Following a successful first team debut against Nashville SC in the first game of the season, Wyke was promoted to Atlanta United FC on 5 March 2020. He appeared in 7 MLS matches in the 2020 season before being released at the end of the year. In March 2021, Wyke joined Tampa Bay Rowdies ahead of the 2021 season. During his debut season with the club, Wyke was primarily utilized in the midfield, but was moved to the defensive line in 2022.

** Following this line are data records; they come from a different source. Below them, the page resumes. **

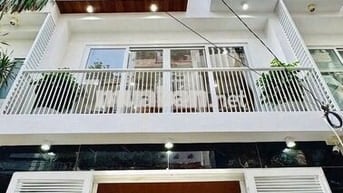 MTNB 96b Trần Hưng Đạo (5x20m) 4 Tấm (5PN 6WC) sân thượng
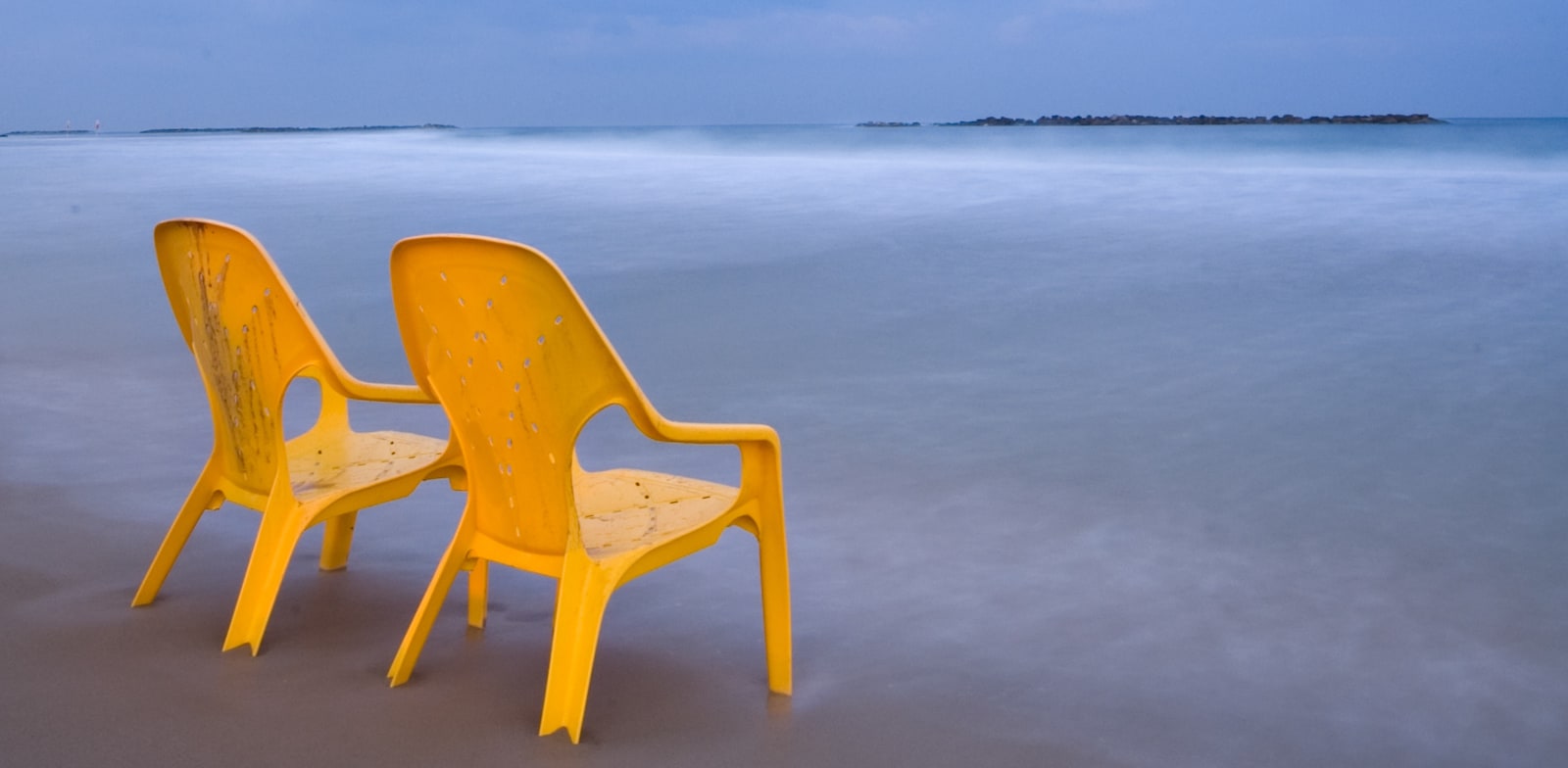 כיסאות פלסטיק של כתר. החברה מתאוששת / צילום: Shutterstock, Aron Brand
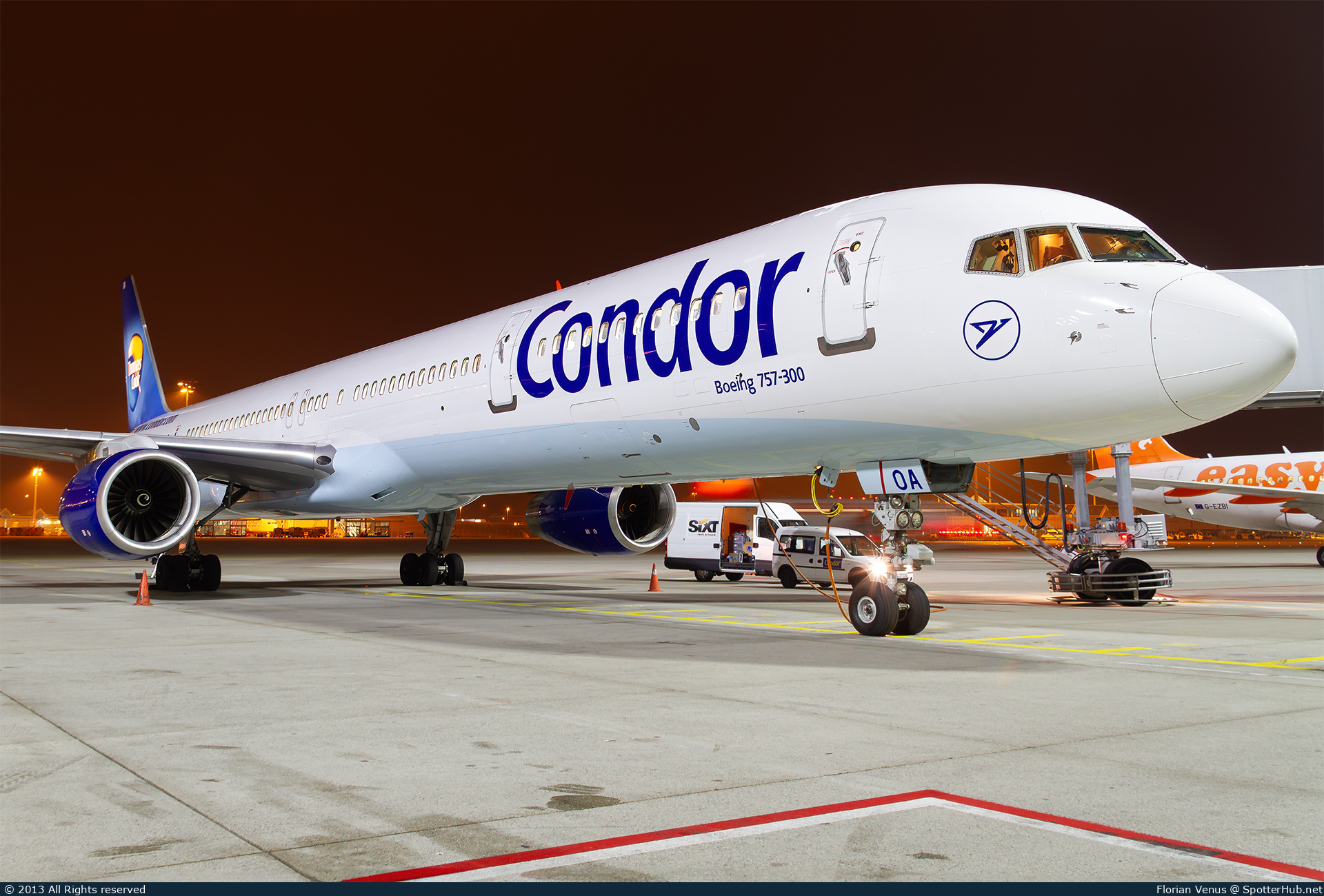 Photo of D-ABOA - Boeing 757-330 operated by Condor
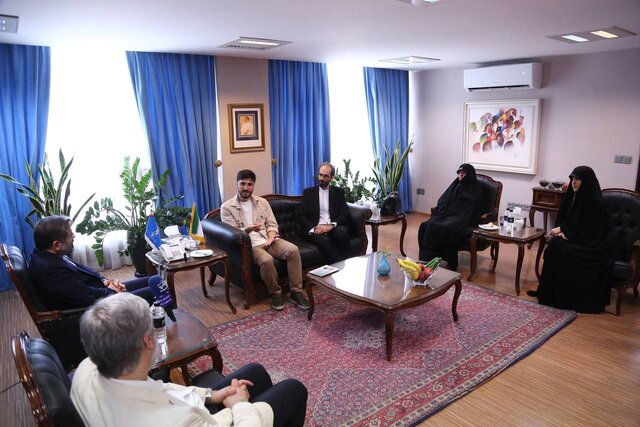 دیدار بشیر بیآزار با وزیر ارشاد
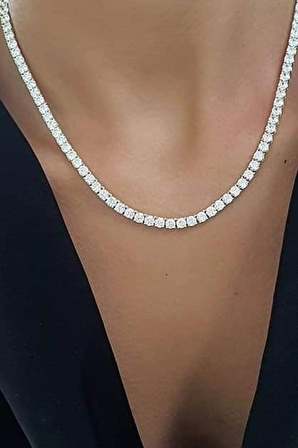 Pırlanta Parlaklığında Swarovski Taşlı 925 ayar Gümüş Su Yolu Kolye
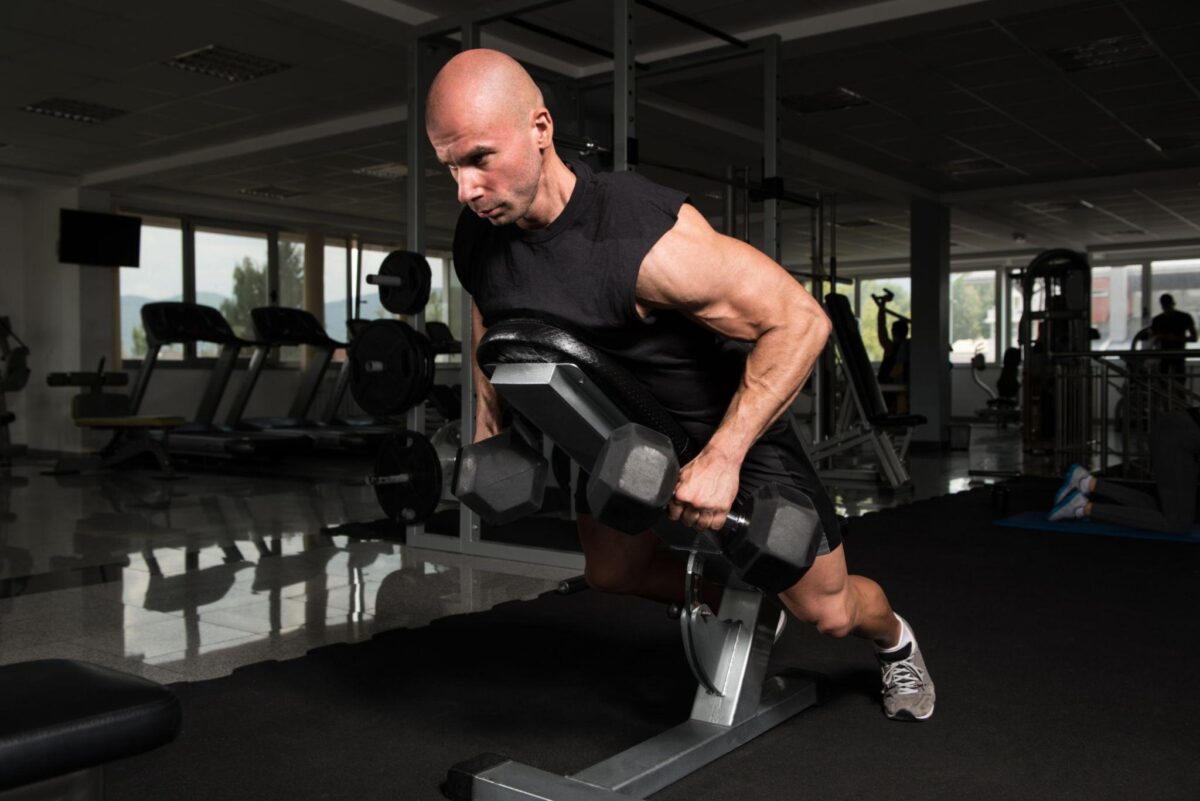 Incline Dumbbell Row:  Η Σωστή Τεχνική για μια Δυνατή Πλάτη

In October 2022, Wyke was fined and given a 12-game suspension following the USL Championship’s investigation into allegations of racially discriminatory behavior following the October 2nd match between Monterey Bay FC and the Tampa Bay Rowdies. Following an appeal by the Rowdies, Wyke's suspension was overturned by the USL's Independent Disciplinary Council. He was released by Tampa following their 2022 season.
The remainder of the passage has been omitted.